Some non-native longhorn beetles are of significant biosecurity concern to Australia, as they could damage timber-in-service as well as forestry, orchard, and amenity trees (Lawson et al. 2018). These beetles may be introduced via trade in infested nursery stock, infested wood packaging (e.g., pallets, crates), sawn timber and manufactured wooden articles, or even as hitchhikers on cargo and conveyances (Eyre and Haack 2017). While items of international trade are subject to border controls and import conditions, surveillance at first points of entry and beyond provides additional opportunities for early detection of accidental introductions (Carnegie and Nahrung 2019; Carnegie et al. 2022).
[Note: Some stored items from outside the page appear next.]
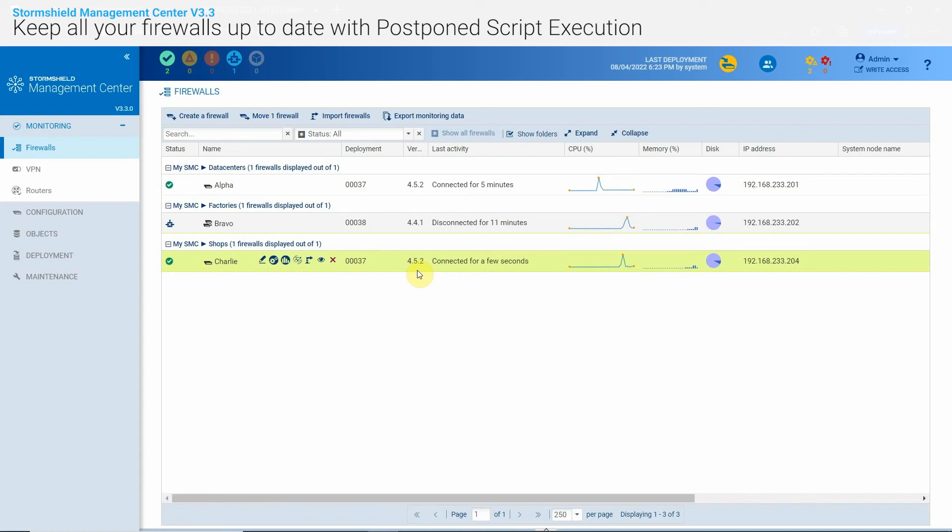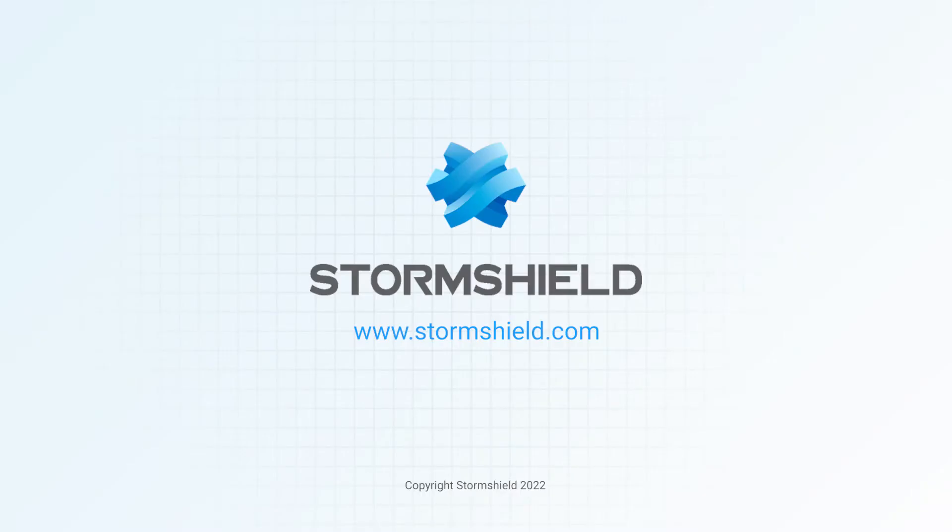Thanks to this combination of postpone deployment and postpone script execution, I know that my firewalls are well maintained as soon as possible even when my network connections are not always stable. And with no constraints on me or on my team, we'll make sure that everything is carried out continually.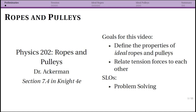In this sequence of videos we're going to be covering chapter 7, section 4 of the fourth edition of Knight. The topic of this chapter is ropes and pulleys — the book usually uses the word strings, but it's really going to be the same thing. The goal is to talk about the properties of ideal ropes and ideal pulleys. Obviously in the real world they're not going to be ideal, but to simplify our calculations we're going to make some assumptions about these objects.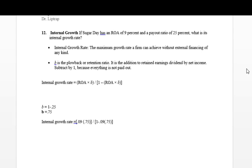The payout ratio is also known as a plowback or retention ratio. Let's get started and take a look at the problem and give some definitions. The internal growth rate is the maximum growth rate a firm can achieve without external financing of any kind. It's the operational money — can it continue on without any injection of capital from investors or owners? That's what the internal growth rate tells us.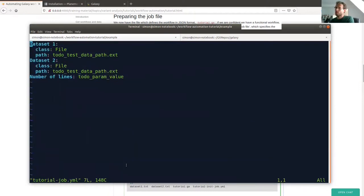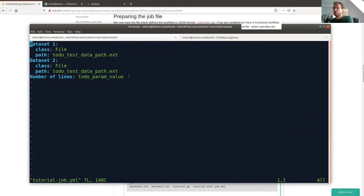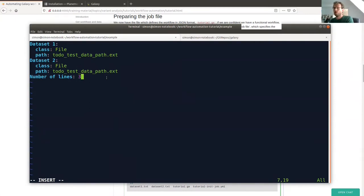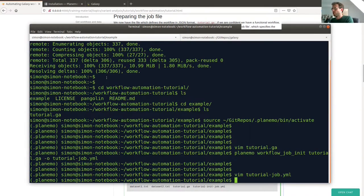The job file is very simple. We have our two dataset inputs — dataset1 and dataset2 — which we saw in the workflow, and the number of lines parameter is also defined. In order to run this workflow, we need to replace these path placeholders with paths pointing to real datasets saved locally on our computer. We also need to replace the number of lines parameter with a particular value — we can set it to 3, for example. For the datasets, we need to first create the files we want to use.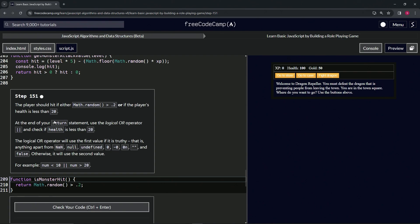At the end of our return statement, we're going to use the logical OR operator, which is two pipes (||). The two pipes is shift-backslash, right below the backspace and above the enter, to the right of the closing bracket. The logical OR operator will use the first value if it's truthy.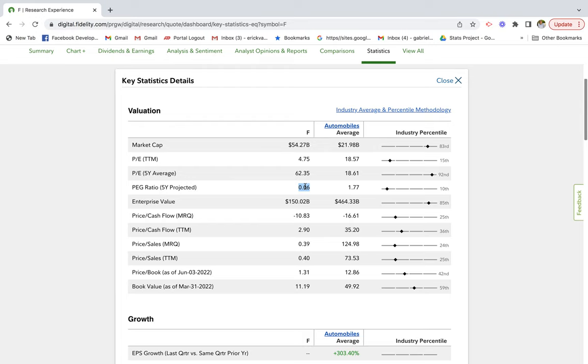This company is trading way below one, which tells me that the company itself could be distressed during this time. Whenever there's a distressed asset, I always like to see if there's any opportunity to invest, given that it's selling at such a low price.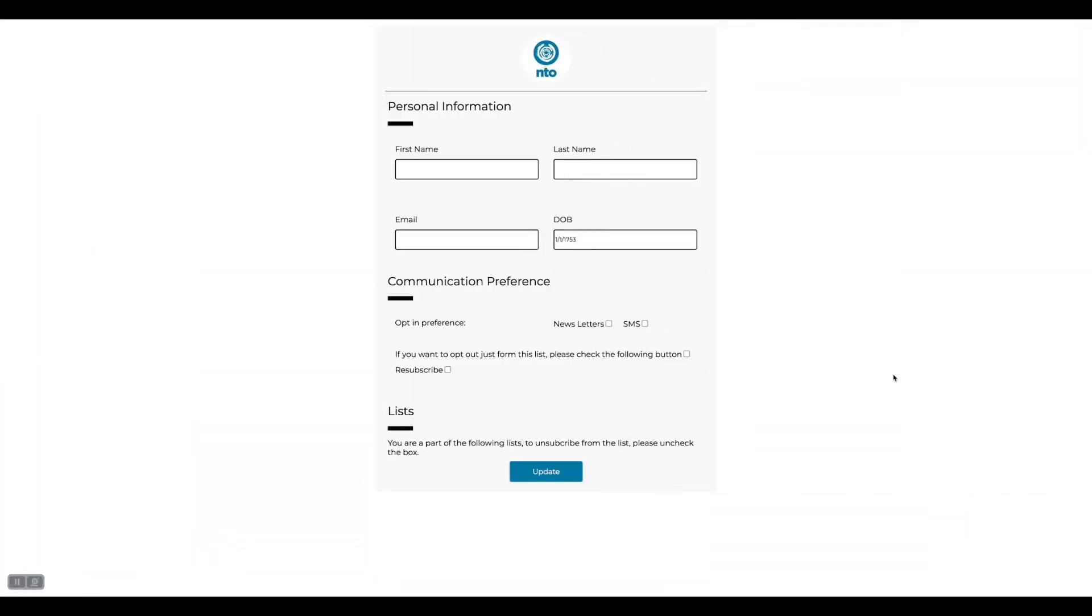The custom preference center I have built is looking like—I've built it using very basic HTML and CSS which we can always change according to the business's requirement. I have done the personalization using AMPscript which we will see in a bit in the demo, and I'm sending the updated data back to the subscribers list into the Marketing Cloud using SSJS.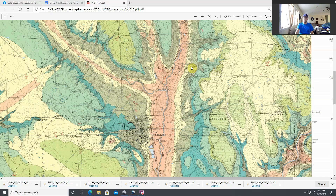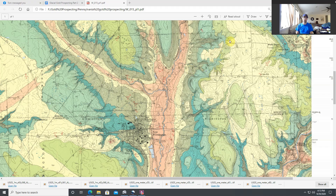Hey YouTube, this is Matt the prospecting geologist. I'm here with you starting the glacial gold prospecting series that I've been wanting to do. With this one, we're going to start — being the first one — we're going to start with generally going over the streams that run east to west.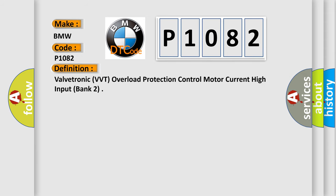The basic definition is: Valvetronic EVT overload protection control motor current high input, bank 2.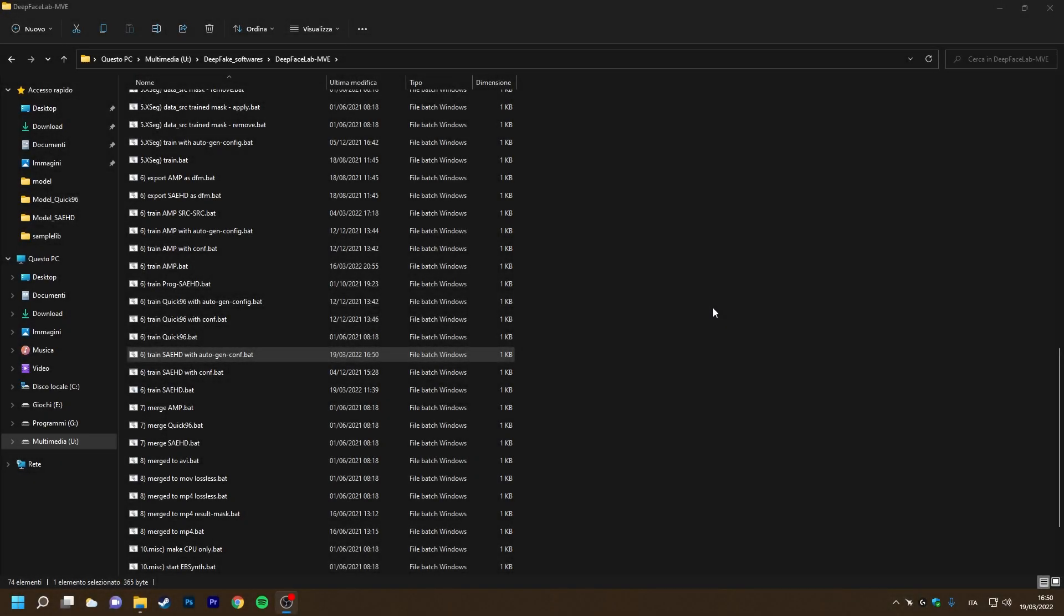In this new tutorial we are going to see how to use two new features of the DeepFaceLab fork of machine video editor.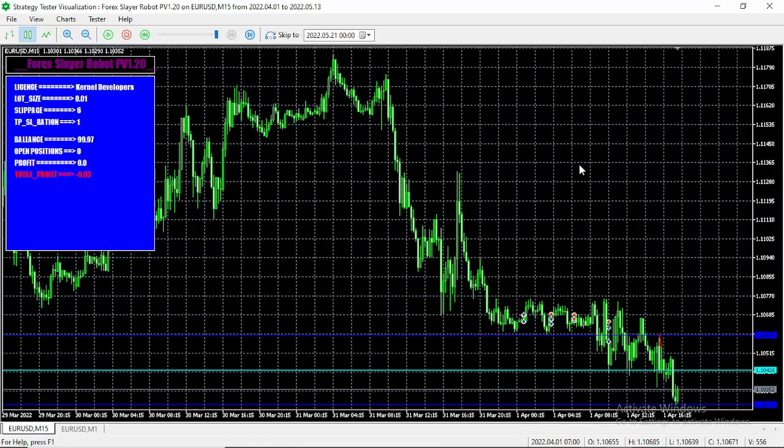What's up guys, hello everyone, welcome to another exciting video on Trading Canal. In this video I'm more than happy to introduce to you the Forex Slayer Robot version 1.2, which is currently available for free on Trading Canal Stack. In this video I'm going to be showing you how to download and install the Forex robot on your MT5.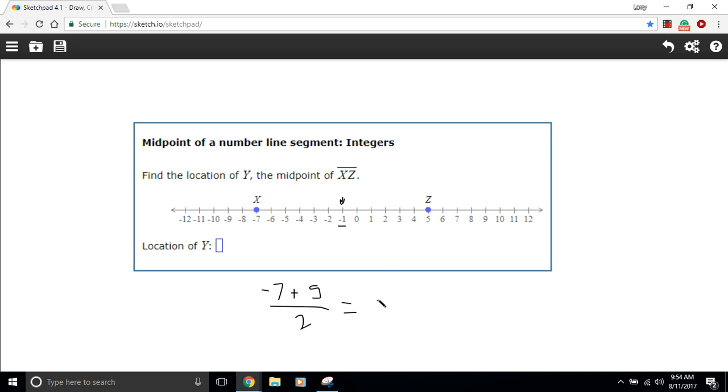So that's maybe a little bit quicker, better than doing the whole counting thing. So take the endpoints, divide by two, and there's your midpoint.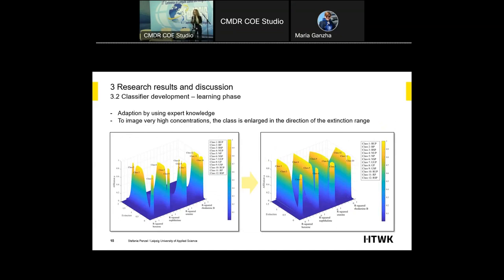That was not the final thing from the learning phase. We also adapted the classifier using expert knowledge. Our aim was to accommodate very high concentrations, so the class was enlarged in the direction of the extinction range. If we detect a substance with a really high concentration, it is still included in the classes — because if it is not included, the system would incorrectly say there is no substance present. On the right side you can see the final fuzzy classifier that can now be used for the working phase.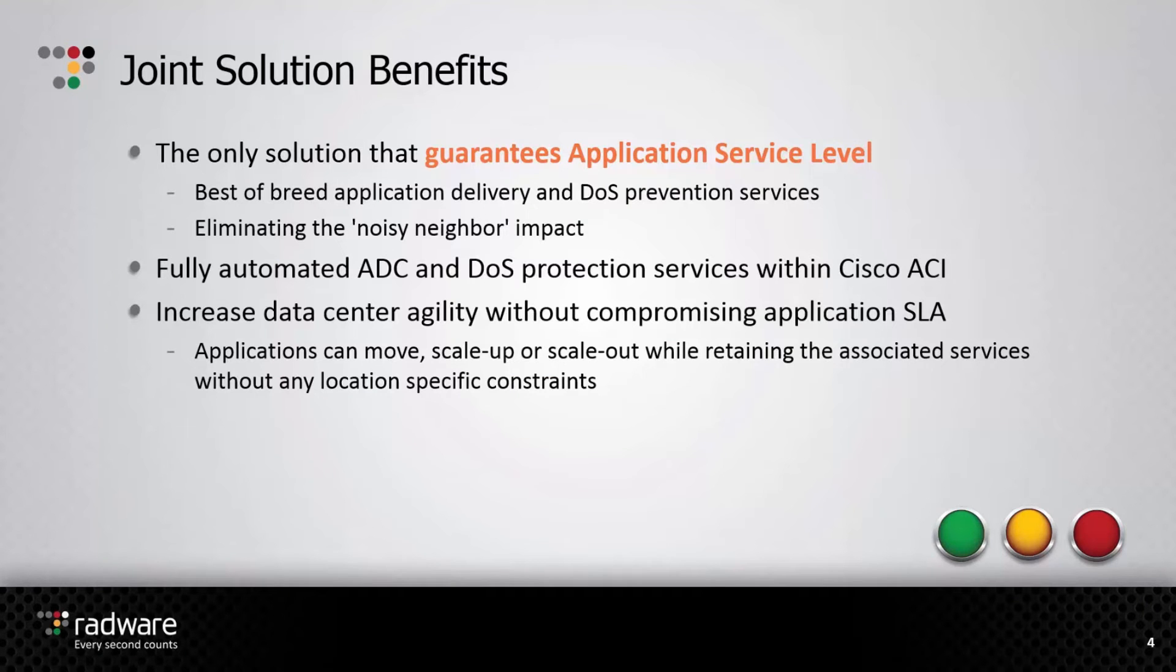The benefits of Radware integration with ACI are extending Cisco ACI to include an array of Radware's application delivery and security solutions that guarantee application service level.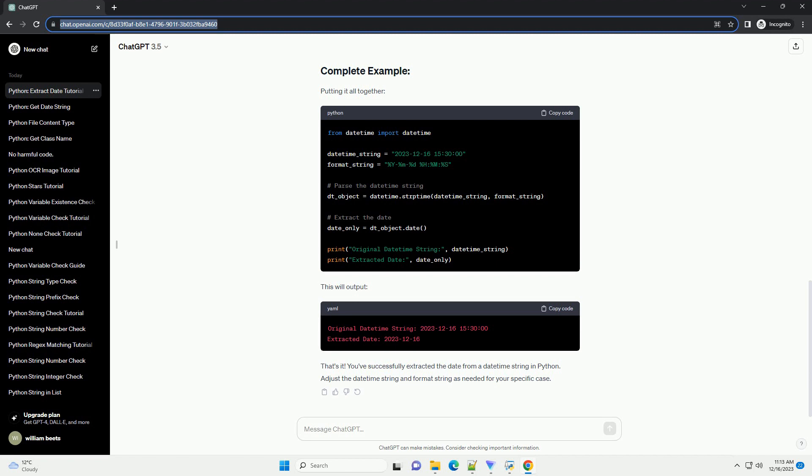The datetime string and a format string that specifies how the datetime string is structured. In the example above, the format string %Y-%m-%d %H:%M:%S corresponds to the structure of the datetime string.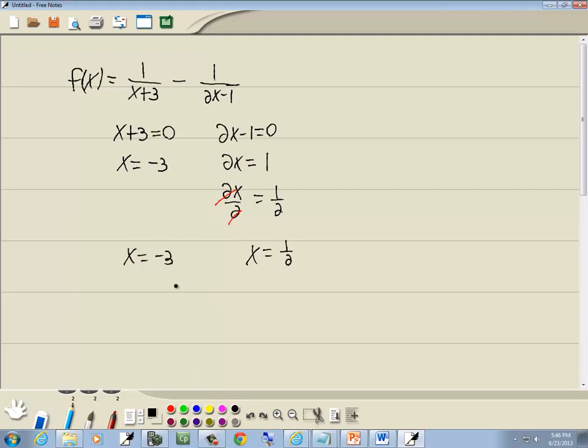Now these are the values that cause this problem. These are the ones we cannot have, so we'll put a slash through them. x cannot equal negative 3 and x cannot equal one half.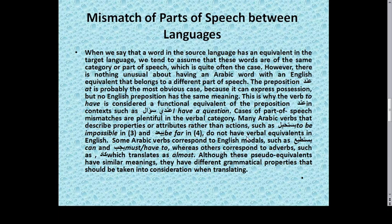In English, some Arabic verbs correspond to English modal verbs, such as يستطيع corresponding to can, and يجب corresponding to must, whereas others correspond to adverbs, such as كاد which translates as almost. Although these cross-linguistic equivalents have similar meanings, they have different grammatical properties that should be taken into consideration when translating.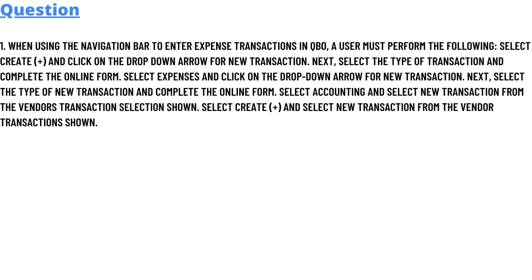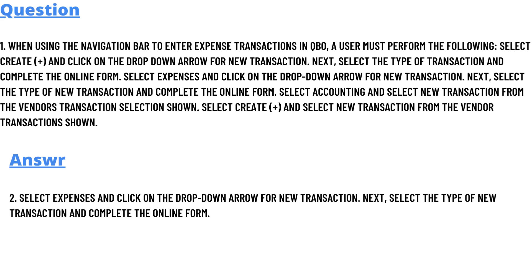The correct answer to the question is: Select Expenses and click on the drop-down arrow for new transaction. Next, select the type of new transaction and complete the online form. That is the answer to the question.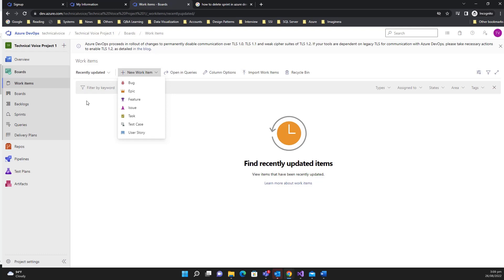In the next video I'm going to show you how we can have multiple teams in the project. For example, one team is working on the front-end side and one team is working on the back-end side, and one team is working on the database side. For each team we can have different sprints and we can have the same sprint for each team. That's it for this video, thanks and bye.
A small number of exotic longhorn beetle species have established in Australia as adventive species through international trade or have been deliberately introduced. Two species of Arhopalus Audinet-Serville have established in pine plantations in southeastern Australia—Arhopalus syriacus (Reitter, 1895) near Sydney since the 1950s and Arhopalus rusticus (Linnaeus, 1758) in Melbourne since the late 1990s (Wang and Leschen 2003; Webb and Eldridge 1997). Chlorophorus annularis (Fabricius, 1787) was introduced with bamboo into many countries, including Australia, and remains common in southern Queensland in bamboo plantings (Ślipiński and Escalona 2013). Lagocheirus funestus (Thomson, 1865) was introduced from Mexico in 1935 as a biological control agent for prickly pear cactus (Opuntia spp.; Cactaceae). Dense stands of prickly pear have since been eradicated, but this beetle was last collected in January 1984 and may have died out in Australia (Ślipiński and Escalona 2013). The European house borer, Hylotrupes bajulus (Linnaeus, 1758), was probably imported into Australia in pine construction timber in the late 1940s (Howick 2014). Hylotrupes bajulus remains a regulated pest in southwest Western Australia following its detection in 2004 in the Perth suburb of Parkerville (Grimm 2005; Howick 2014). The basket beetle, Gracilia minuta (Fabricius, 1781), is a minor pest of European origin, with larvae that develop in branches or twigs of various trees and shrubs and can cause damage to wicker work, casks, or other rustic wood products (Duffy 1953). There are historic records and old specimens from the Sydney and Melbourne regions, but the species does not appear to have established in Australia (Ślipiński and Escalona 2016).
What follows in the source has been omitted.